ExxonMobil, an energy company, has raised concerns that European Union environmental mandates may disrupt the U.S.-EU energy trade commitments. Chief Executive Officer Darren Woods has said that the Corporate Sustainability Due Diligence Directive, which applies to firms above certain revenue thresholds, risks undermining the EU’s pledge to buy $750 billion worth of U.S. energy products over three years.
“The challenge is going to be that the companies who supply that energy will clearly exceed the threshold, and so will be subject to this law,” Woods said. He added that complying with the directive is “not technically possible,” warning that companies could face “bone-crushing potential penalties.” Woods described the law as “disastrous, the worst I’ve seen in my tenure in this job,” and said it could hinder Europe’s industrial competitiveness.

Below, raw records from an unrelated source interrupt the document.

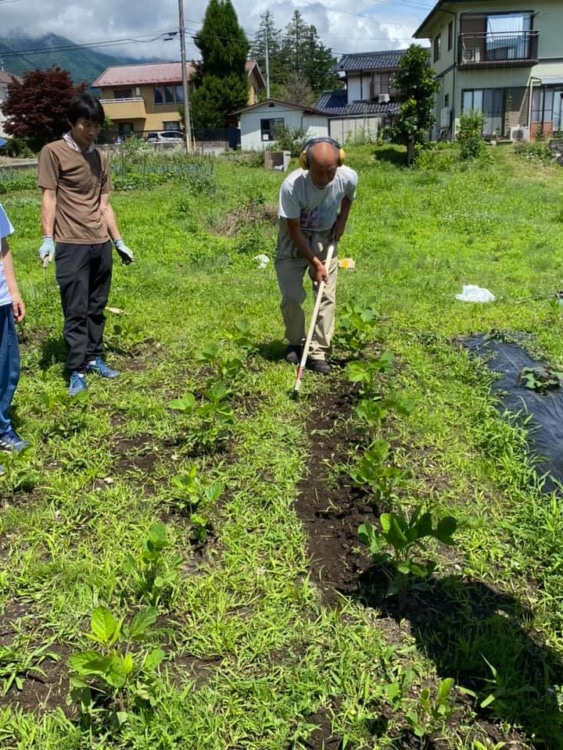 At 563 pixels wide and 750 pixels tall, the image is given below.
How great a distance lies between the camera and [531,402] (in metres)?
3.73

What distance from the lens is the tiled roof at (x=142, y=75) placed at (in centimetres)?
3853

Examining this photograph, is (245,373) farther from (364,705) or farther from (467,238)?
(467,238)

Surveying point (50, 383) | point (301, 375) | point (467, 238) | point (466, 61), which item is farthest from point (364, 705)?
point (466, 61)

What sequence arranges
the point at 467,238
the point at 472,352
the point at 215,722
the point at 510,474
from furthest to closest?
the point at 467,238, the point at 472,352, the point at 510,474, the point at 215,722

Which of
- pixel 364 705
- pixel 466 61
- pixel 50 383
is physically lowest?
pixel 364 705

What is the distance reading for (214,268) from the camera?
8.11 meters

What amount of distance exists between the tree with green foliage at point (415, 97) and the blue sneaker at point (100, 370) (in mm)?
15095

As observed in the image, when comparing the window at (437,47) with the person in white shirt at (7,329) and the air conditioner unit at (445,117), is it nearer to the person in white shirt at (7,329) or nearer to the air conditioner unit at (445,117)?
the air conditioner unit at (445,117)

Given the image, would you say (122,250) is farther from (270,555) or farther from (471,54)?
(471,54)

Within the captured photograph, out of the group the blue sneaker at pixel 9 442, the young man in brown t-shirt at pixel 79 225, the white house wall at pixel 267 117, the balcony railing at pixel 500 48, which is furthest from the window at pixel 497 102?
the blue sneaker at pixel 9 442

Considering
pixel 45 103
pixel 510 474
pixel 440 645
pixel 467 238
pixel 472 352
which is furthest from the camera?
pixel 45 103

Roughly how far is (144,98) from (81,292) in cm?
4016

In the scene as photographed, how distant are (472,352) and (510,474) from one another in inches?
71.9

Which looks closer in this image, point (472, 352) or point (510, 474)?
point (510, 474) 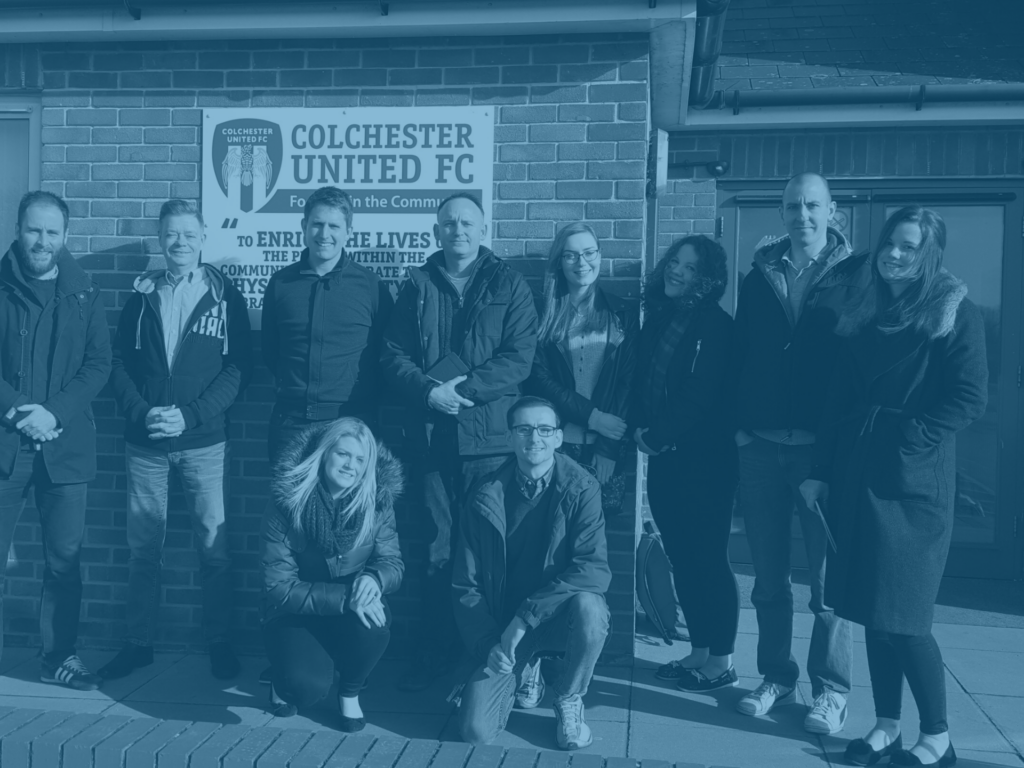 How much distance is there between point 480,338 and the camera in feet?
13.5

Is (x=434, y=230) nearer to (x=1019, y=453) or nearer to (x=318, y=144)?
(x=318, y=144)

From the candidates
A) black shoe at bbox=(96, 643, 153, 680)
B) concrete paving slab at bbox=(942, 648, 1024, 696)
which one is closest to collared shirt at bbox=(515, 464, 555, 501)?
black shoe at bbox=(96, 643, 153, 680)

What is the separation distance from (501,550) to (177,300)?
1790 mm

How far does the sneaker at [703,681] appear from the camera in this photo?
13.9 ft

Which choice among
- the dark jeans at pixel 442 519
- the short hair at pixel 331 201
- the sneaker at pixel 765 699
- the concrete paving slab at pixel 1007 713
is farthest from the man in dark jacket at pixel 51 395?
the concrete paving slab at pixel 1007 713

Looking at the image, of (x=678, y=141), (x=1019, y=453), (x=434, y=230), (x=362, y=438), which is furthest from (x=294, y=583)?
(x=1019, y=453)

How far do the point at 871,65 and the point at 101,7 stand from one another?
444cm

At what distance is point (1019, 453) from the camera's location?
6.21 metres

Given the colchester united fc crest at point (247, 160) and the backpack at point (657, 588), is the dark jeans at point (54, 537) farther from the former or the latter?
the backpack at point (657, 588)

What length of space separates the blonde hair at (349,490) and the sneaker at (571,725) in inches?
38.4

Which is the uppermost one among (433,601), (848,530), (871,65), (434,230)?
(871,65)

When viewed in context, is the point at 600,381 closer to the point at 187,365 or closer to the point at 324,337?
the point at 324,337

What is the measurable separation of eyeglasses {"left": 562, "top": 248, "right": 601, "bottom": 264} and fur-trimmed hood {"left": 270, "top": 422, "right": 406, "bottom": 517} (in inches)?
42.9

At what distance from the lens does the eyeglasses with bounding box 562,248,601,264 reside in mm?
4152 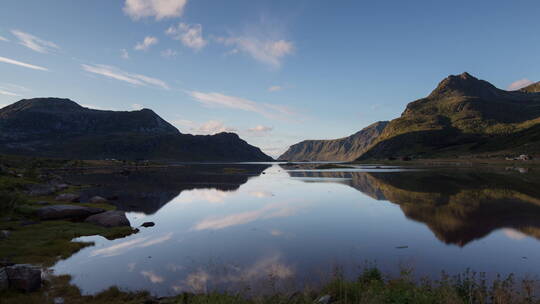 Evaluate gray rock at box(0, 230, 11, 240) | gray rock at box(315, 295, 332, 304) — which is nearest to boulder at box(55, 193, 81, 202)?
gray rock at box(0, 230, 11, 240)

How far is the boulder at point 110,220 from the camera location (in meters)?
33.2

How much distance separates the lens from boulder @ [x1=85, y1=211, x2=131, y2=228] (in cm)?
3316

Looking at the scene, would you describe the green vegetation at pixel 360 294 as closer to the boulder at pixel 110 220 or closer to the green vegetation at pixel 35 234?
the green vegetation at pixel 35 234

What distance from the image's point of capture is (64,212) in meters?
36.9

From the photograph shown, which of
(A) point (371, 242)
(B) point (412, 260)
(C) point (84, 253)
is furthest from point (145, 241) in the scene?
(B) point (412, 260)

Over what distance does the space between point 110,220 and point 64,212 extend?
27.7ft

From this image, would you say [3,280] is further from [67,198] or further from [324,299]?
[67,198]

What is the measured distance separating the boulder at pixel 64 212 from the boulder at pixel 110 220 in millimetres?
3442

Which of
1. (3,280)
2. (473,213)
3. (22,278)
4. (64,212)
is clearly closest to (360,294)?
(22,278)

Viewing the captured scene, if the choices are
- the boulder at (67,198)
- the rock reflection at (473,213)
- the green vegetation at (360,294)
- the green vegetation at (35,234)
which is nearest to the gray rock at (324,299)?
the green vegetation at (360,294)

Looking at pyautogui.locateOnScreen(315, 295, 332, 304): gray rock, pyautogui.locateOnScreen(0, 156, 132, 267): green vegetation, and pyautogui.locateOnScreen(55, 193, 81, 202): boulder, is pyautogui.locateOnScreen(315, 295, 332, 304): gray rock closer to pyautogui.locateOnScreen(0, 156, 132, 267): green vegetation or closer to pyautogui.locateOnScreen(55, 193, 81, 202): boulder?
pyautogui.locateOnScreen(0, 156, 132, 267): green vegetation

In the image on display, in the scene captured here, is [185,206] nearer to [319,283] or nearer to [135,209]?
[135,209]

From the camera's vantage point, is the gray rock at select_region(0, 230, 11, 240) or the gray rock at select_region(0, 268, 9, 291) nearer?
the gray rock at select_region(0, 268, 9, 291)

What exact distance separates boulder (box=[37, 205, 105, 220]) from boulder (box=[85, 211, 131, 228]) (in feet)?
11.3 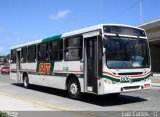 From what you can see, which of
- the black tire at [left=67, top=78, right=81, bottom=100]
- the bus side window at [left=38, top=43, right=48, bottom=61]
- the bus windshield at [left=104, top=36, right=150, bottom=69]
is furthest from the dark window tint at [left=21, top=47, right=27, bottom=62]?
the bus windshield at [left=104, top=36, right=150, bottom=69]

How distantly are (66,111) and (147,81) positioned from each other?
3986 mm

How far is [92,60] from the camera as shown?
13164 millimetres

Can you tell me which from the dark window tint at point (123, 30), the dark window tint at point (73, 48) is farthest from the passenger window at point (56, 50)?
the dark window tint at point (123, 30)

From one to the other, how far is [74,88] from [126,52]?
3046mm

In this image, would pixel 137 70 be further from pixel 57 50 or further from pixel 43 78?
pixel 43 78

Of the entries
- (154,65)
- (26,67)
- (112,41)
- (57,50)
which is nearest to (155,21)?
(154,65)

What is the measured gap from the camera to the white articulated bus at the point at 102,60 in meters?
12.3

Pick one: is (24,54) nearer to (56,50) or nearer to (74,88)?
(56,50)

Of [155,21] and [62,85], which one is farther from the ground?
[155,21]

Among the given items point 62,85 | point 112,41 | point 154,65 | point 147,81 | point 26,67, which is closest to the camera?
point 112,41

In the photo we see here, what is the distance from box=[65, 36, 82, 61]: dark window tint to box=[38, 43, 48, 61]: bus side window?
2658 millimetres

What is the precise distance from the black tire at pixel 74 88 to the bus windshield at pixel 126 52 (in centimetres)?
240

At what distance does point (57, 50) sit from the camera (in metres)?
16.1

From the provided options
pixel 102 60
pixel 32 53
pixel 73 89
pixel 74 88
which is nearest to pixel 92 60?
pixel 102 60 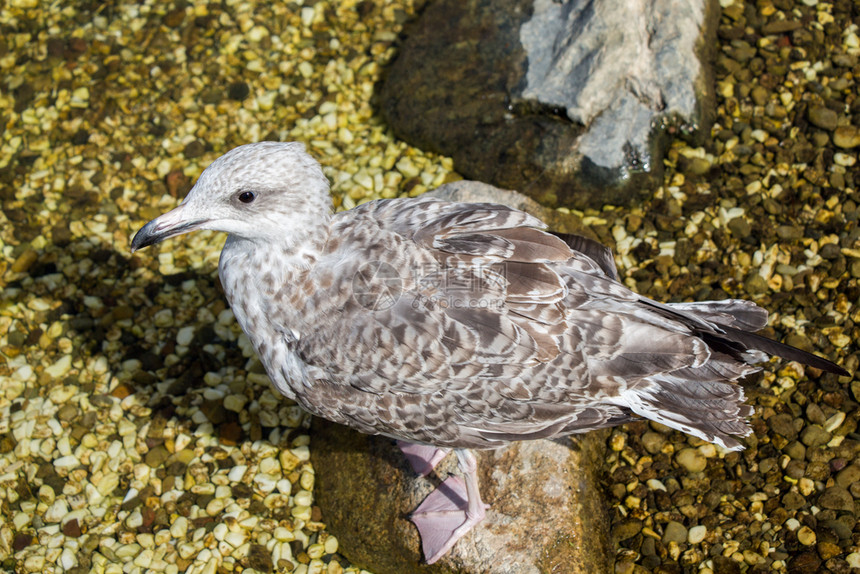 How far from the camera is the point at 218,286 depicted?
17.6 ft

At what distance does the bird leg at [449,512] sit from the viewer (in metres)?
3.89

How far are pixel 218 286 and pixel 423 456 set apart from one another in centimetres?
201

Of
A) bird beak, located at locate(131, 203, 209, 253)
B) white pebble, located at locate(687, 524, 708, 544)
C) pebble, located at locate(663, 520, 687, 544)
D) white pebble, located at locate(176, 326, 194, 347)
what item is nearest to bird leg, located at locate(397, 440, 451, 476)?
pebble, located at locate(663, 520, 687, 544)

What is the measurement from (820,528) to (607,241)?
2151 mm

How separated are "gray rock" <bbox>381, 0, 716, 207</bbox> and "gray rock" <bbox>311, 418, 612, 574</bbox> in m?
1.89

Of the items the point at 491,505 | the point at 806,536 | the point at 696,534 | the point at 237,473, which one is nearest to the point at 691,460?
the point at 696,534

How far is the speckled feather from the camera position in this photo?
3.33 meters

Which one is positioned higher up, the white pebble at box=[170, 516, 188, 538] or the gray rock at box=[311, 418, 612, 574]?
the gray rock at box=[311, 418, 612, 574]

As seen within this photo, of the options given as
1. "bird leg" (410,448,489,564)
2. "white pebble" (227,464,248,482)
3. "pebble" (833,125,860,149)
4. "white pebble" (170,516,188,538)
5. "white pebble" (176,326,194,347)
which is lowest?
"white pebble" (170,516,188,538)

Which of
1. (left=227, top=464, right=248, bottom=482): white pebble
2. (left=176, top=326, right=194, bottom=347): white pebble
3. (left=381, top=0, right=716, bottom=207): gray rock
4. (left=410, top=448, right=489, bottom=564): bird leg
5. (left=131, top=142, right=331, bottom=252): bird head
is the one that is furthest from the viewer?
(left=381, top=0, right=716, bottom=207): gray rock

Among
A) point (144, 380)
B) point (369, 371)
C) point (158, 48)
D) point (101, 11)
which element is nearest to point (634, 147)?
point (369, 371)

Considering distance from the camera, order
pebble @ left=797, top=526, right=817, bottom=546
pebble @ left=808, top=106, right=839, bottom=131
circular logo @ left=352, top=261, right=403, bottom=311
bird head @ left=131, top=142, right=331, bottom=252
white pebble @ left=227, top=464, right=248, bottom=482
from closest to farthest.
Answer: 1. bird head @ left=131, top=142, right=331, bottom=252
2. circular logo @ left=352, top=261, right=403, bottom=311
3. pebble @ left=797, top=526, right=817, bottom=546
4. white pebble @ left=227, top=464, right=248, bottom=482
5. pebble @ left=808, top=106, right=839, bottom=131

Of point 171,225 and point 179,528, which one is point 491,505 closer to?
point 179,528

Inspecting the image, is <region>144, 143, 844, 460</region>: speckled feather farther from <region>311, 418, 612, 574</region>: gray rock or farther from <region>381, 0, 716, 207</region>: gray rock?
<region>381, 0, 716, 207</region>: gray rock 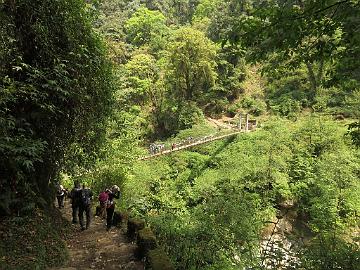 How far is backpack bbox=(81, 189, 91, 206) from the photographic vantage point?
7.63 meters

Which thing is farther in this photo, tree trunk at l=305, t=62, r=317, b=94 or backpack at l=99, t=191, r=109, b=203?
tree trunk at l=305, t=62, r=317, b=94

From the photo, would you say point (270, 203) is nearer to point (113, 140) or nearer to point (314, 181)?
point (314, 181)

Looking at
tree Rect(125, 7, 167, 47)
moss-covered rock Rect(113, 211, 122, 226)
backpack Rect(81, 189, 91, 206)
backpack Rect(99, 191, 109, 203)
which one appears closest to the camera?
backpack Rect(81, 189, 91, 206)

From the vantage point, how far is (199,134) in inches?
949

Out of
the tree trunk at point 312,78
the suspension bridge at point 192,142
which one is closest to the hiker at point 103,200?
the suspension bridge at point 192,142

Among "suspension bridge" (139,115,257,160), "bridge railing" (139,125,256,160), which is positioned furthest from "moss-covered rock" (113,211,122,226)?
"bridge railing" (139,125,256,160)

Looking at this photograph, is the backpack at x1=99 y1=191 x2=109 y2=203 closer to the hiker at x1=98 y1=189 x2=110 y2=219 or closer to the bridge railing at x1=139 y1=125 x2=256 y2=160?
the hiker at x1=98 y1=189 x2=110 y2=219

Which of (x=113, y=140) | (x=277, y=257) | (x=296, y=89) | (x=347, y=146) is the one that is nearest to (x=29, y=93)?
(x=277, y=257)

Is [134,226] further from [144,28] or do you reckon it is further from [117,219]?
[144,28]

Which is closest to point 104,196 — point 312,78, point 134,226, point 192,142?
point 134,226

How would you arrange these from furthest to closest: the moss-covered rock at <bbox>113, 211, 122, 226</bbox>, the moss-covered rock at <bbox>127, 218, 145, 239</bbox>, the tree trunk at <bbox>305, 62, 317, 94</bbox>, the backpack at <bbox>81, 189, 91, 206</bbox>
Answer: the tree trunk at <bbox>305, 62, 317, 94</bbox>
the moss-covered rock at <bbox>113, 211, 122, 226</bbox>
the backpack at <bbox>81, 189, 91, 206</bbox>
the moss-covered rock at <bbox>127, 218, 145, 239</bbox>

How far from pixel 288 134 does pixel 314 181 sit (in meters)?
4.93

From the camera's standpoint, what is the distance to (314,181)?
1616 cm

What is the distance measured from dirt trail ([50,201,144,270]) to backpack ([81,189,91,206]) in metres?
0.60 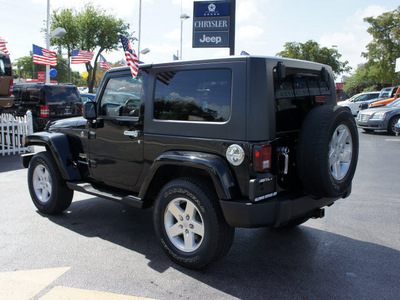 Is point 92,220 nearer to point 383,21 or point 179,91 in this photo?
point 179,91

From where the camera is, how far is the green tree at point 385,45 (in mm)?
37219

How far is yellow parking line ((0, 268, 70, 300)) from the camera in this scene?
3.00 meters

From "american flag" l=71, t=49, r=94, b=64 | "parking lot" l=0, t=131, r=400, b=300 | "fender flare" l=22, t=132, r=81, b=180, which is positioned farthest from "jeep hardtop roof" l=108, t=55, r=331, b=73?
"american flag" l=71, t=49, r=94, b=64

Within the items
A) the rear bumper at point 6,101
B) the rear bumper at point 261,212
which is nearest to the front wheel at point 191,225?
the rear bumper at point 261,212

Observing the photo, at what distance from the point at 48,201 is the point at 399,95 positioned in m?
20.9

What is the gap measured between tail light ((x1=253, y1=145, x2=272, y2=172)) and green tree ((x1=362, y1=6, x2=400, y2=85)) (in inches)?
1561

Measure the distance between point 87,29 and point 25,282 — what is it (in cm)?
3734

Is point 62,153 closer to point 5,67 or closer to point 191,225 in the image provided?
point 191,225

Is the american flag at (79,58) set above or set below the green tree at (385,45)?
below

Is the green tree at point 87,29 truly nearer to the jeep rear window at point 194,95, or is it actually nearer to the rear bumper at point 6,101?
the rear bumper at point 6,101

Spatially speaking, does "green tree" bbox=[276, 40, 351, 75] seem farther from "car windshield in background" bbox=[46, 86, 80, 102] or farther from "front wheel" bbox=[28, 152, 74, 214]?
"front wheel" bbox=[28, 152, 74, 214]

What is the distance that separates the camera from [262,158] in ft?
10.0

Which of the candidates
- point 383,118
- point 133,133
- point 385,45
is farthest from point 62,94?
point 385,45

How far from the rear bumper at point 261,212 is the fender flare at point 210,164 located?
11 cm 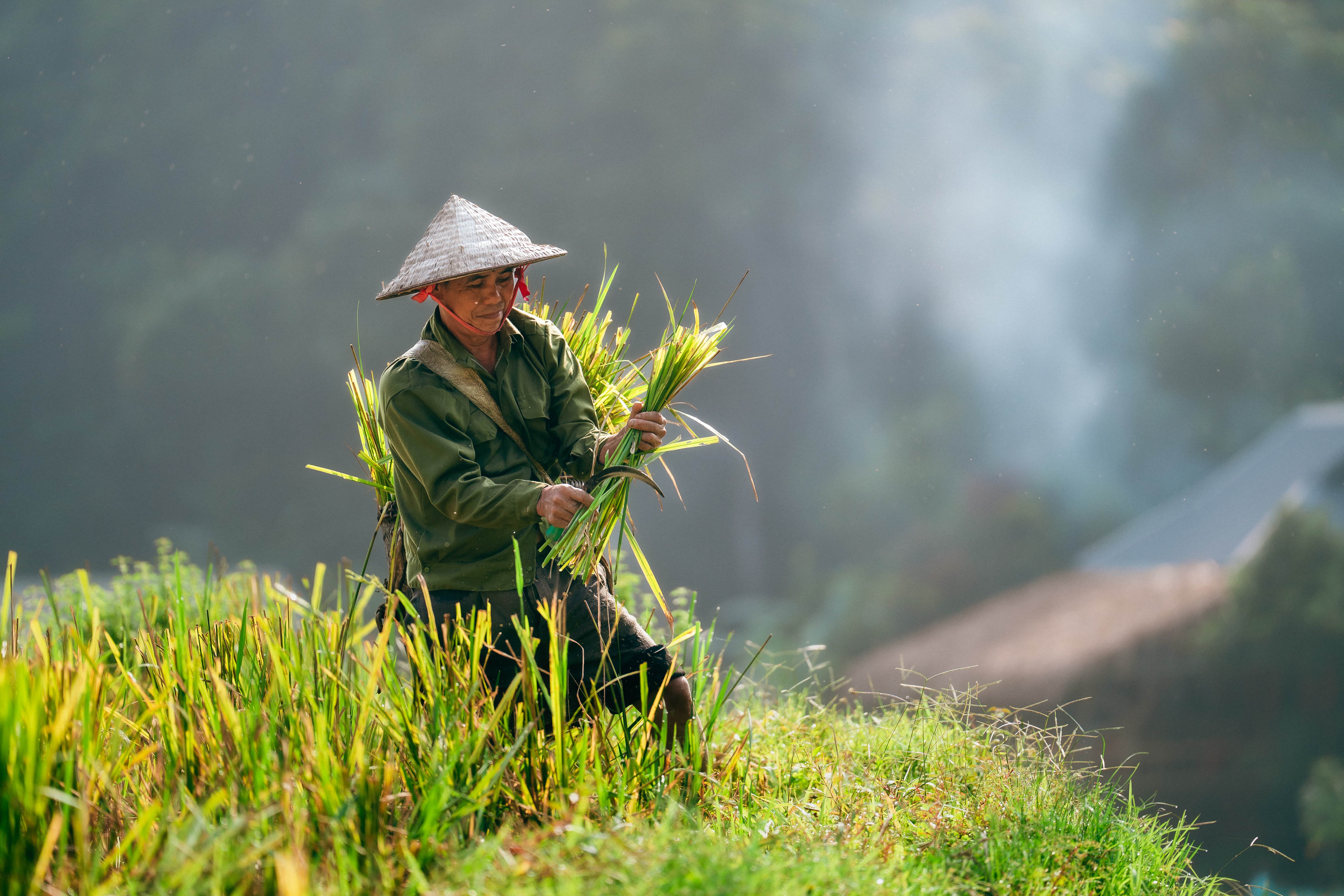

Woods noted that Exxon has a significant presence in Europe and is working with U.S. officials to push back on the directive. EU and U.S. leaders pledged in August to ensure sustainability rules “do not pose undue restrictions on transatlantic trade,” but Woods criticized Europe’s response, saying it has created “more confusion than they solved.” He also commented on Exxon's potential low-carbon hydrogen and ammonia project in Baytown, Texas, stating, “We’re not interested in having a successful project. We’re interested in having a successful project as part of a growing new industry.”